In Another Place

Facing America, or Newfoundland, stand Gormley’s men.
Gender defying, bronzed with the wisdom of rust,
they solemn see through any looker’s thought.

So let us go for: new life free of poverty;
the grasp of lords and land denied; the chance
to grow seed in soil swept of tyranny
and of native folk. Where potatoes do not rot;
where bellies fill with pride; where God can set
a chosen people in their simple prejudice. Due
west then, with all that sunset blah-di-blah.

And yet they pull the heart. There is no kneeling
to a pot of wine or bread; no feudal shackle wearing
ankle deep in blood. Just hope, caught in a tide.

On our coast, facing east, there are no journeys to unpack.
No one set sail from here. Here are receivers only.
Here other iron men came amongst the Celts and Romans,
the Saxons clinging to their Cuthbert and his bones,
with scriptural flourishes and calf-hide history of the world
made flesh. These brought their helmets and their ships to fear,
their Nordic gods, their hunger. The local craftsmen
with their gold and timid monks, no match for them.

Churches burned, open to the sun. Places surrendered
land and names. Danelaw cracked the skulls
of words, but made a grammar everyone could read.

An invader’s coast. Huge beaches dry for miles,
their hourglass sands, awaiting seas that always come.
The rocks reward the careless navigators, and their cargoes.
but mainly these are gentle shelves for longships,
or for barges packed with Wehrmacht, and salutes.

Or so we thought. That new hordes might come
inspired our fear so lately purged of baresark screams.
New legacies of concrete blocks were sown across the dunes,
and plans to stall the onrush of field grey drawn up.

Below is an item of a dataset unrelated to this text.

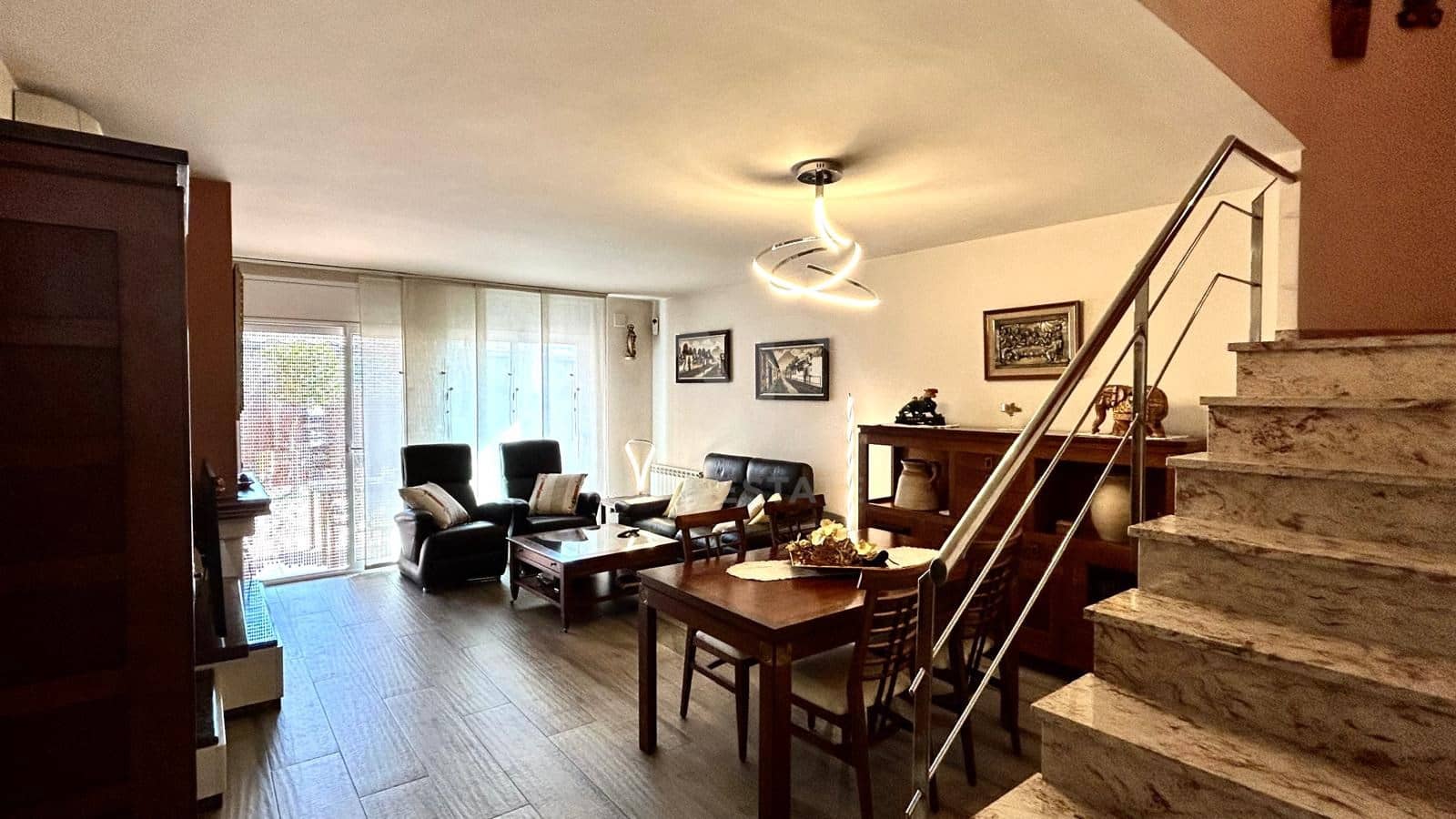 4 bedroom Terraced Villa for sale in Barcelona city with pool garage - € 550,000 (Ref: 9991438)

They never came. We practice-bombed the scrapyard
trucks we’d lined along the sand. Blockhouses with their
glassless windows still watch out to judge the aim
of boys with bombs. They’ll get a listing, sometime,
along with abbeys, castles, and Martello towers.

Meanwhile, on this day, breeze takes on the empty
shore between the tides. At the water’s edge, waves
practice being tough and mighty, stands Gormleylike
a naked man, hands held out in wait. He faces out
the nibbling surf, stretches left and right, throws
care into the plucking, rasping sea. His clothing
piles beyond its grasp. What destinations, or what
threats await his nudity who knows. Does he hope
for gods, or men in ships? Dolphins pass, yards from
where he stands. Perhaps he would be of their number,
heading south. We set our phones to panoroma, take it in.

 

Observe the Planet Venus as She Cross the Sun

 

 

 

 

 

 

 

 

James Cook FRS, Captain, 1728 – 1779

 

To begin at the end, with his body, much hacked
and mutilated by the islanders that took him.
As a god, the Hawaiians disembowel him, and cook
his flesh, such is their reverence, seeking his clean
immortal bones. Some they enshrine, that what
they loved they do not lose. Others they return –
his shipmates bury them at sea, where all mariners’ souls
inhabit. To take a king as hostage against a stolen boat
had been a final fatal error, or one beyond.

And he thought he knew the human heart,
was careful not to kill when Maoris took a life from his own crew.
He knew misunderstandings when he saw them,
as well he knew his oceans. And he knew the sea, knew,
when Endeavour struck the Great Barrier Reef,
then uncharted and unnamed, throw cannon
overboard and she’d float. And she did, leaking
prodigiously. This point he charts with care, then beaches
and careens the ship, and seals the hull. His map
in hand, divers find and bring a cannon home
in later times. Amongst the eco epics, it stands guard
in Wellington’s Te Papa, ignored by narratives and screens.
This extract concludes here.